Permutations of a binary tree.

Question

Consider a binary tree:

1. n is a node, if n is an integer
2. (+ a b) is a node, if a and b are nodes.

We have the following three operations:

1. (+ a b) -> (+ b a)
2. (+ (+ a b) c) -> (+ a (+ b c))
3. (+ a (+ b c)) -> (+ (+ a b) c) -- (2. in reverse)

I need an algorithm for giving all the possible permutations of a given tree using these operations. Any operation maybe applied to any subtree. With a permutation I mean any tree that has the exact same set of leaves. It's probably not very difficult, but I just can't seem to figure it out.

[Edit] The leaves can also be names (i.e. variables), so relying on their properties as integers is not an option. The trees do represent sums.

[Edit2] The point of this excercise is to reduce a sum by finding terms of the form A and -A, swizzling the tree to get them into a subtree (+ A -A) in order to eliminate them. The three operations above are axioms in my system and they need to be used all the way, otherwise it's not possible to prove that the reduced tree is equal to the original. Since I'm using Twelf logic programming language, if I can figure out an algorithm to do what I originally asked, the rest follows easily, but alternative solutions are of course welcome.

Answer 1

The solution to this problem is undoubtably going to include Catalan numbers. There are C_n-1 possible binary trees with n leaves, and there are n! possible orderings of the leaves, so there are n! * C_n-1 possible trees. Enumerating them is slightly trickier, though.

Answer 2

These operations are analogous to addition with the following properties: closure, associativity, commutativity. For a matching node, each leaves the set of leaves the same, and can be applied in a recursive fashion. To count the permutations of a given node x (in some strange mix of Haskell and F#)

let count x = match x with
  | LeafNode -> 1
  | TreeNode (a,b) -> 2 * count a * count b

Answer 3

Seems like the most straightforward solution would be a depth-first traversal of your tree to collect all of the nodes into a list, generate all of the permutations of list, dump each permutation into binary tree.
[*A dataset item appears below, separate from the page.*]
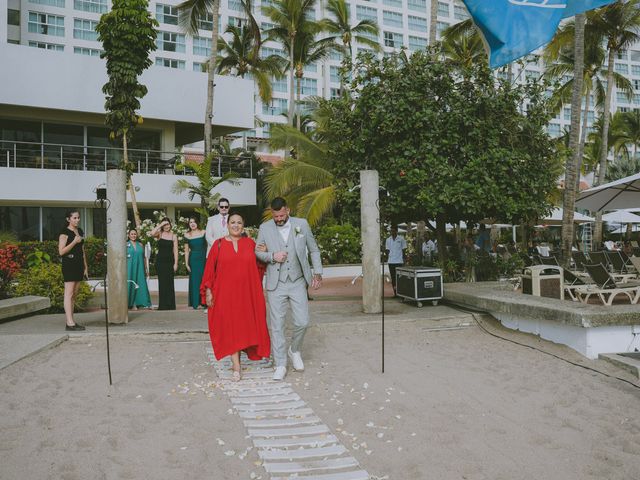 La boda de Ben y Brenda en Puerto Vallarta, Jalisco 96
So, given the list (+ a (+ b c) ), we have the nodes [a; b; c], which have the following permutations:

[a; b; c]
[a; c; b]
[b; a; c]
[b; c; a]
[c; a; b]
[c; b; a]

The first item in the list is your head, the following two items are the child nodes, the next four items are the child-child nodes, and so on.

The complexity of this increases dramatically if you need produce a list of all possible trees, rather than just balanced ones. In that case, you'd need to group them like this:

[a; b; c; d]
[(a; b); c; d]
[(a; b; c); d]
[a; (b; c); d]
[a; (b; c; d)]
[a; b; (c; d)]
[a; b; d; c]
// first permutation
[(a; b); d; c]
[(a; b; d); c]
...

Where each n-tuple is a set of nodes. For more than a few nodes, the universe will experience a heat-death before your algorithm ever completed.

Answer 4

You have associativity and commutativity, so you can move elements around freely. A practical approach to this problem is something like the following:

• Comb the tree to one side, you get a list.

• Sort the list, so that the elements that should cancel out are next to each other.

• Move the elements into a subtree and cancel.

To get your desired proof you have to build small proofs for these operation which you then combine.

Alternatively you could look up AC-matching.

Trying all permutations as you suggest will just get you a big combinatorical explosion.

Answer 5

As pointed out, if you really have the commutativity and associativity axioms, you are best off by just collecting the summands and processing them as a set or a list.

If that's not satisfactory, the next thing is to observe that actually you do not seem to need all the permutations, but you want to rewrite your expressions in order to simplify them. That can be made much more efficient than producing all the permutations!

However, to repeat :), if you ONLY have commutativity and associativity, process the terms in a set.

Answer 6

I've discovered a solution to the underlying problem of reducing trees:

1. Find a pair of leaves A and -A from the tree.
2. a) If A and -A are in the same child, recurse.
3. b) 'Bubble' A and -A to the top of their respective childs. There are eight possible resulting cases, but they all look something like this (+ (x A) (-A y)). Going from that to (+ (+ x y) (+ A -A)) is easy.

As suggested, another way to do it would be to first convert the tree into a list: (+ A (+ B (+ ...)) X), then find a matching pair A and -A and bring them to top. I suspect that this may produce a longer proof (which is undesirable) than the above algorithm, though I haven't tried it.

Still, I find the original question fascinating and I'd like to try how an algorithm based on that would compare to the above.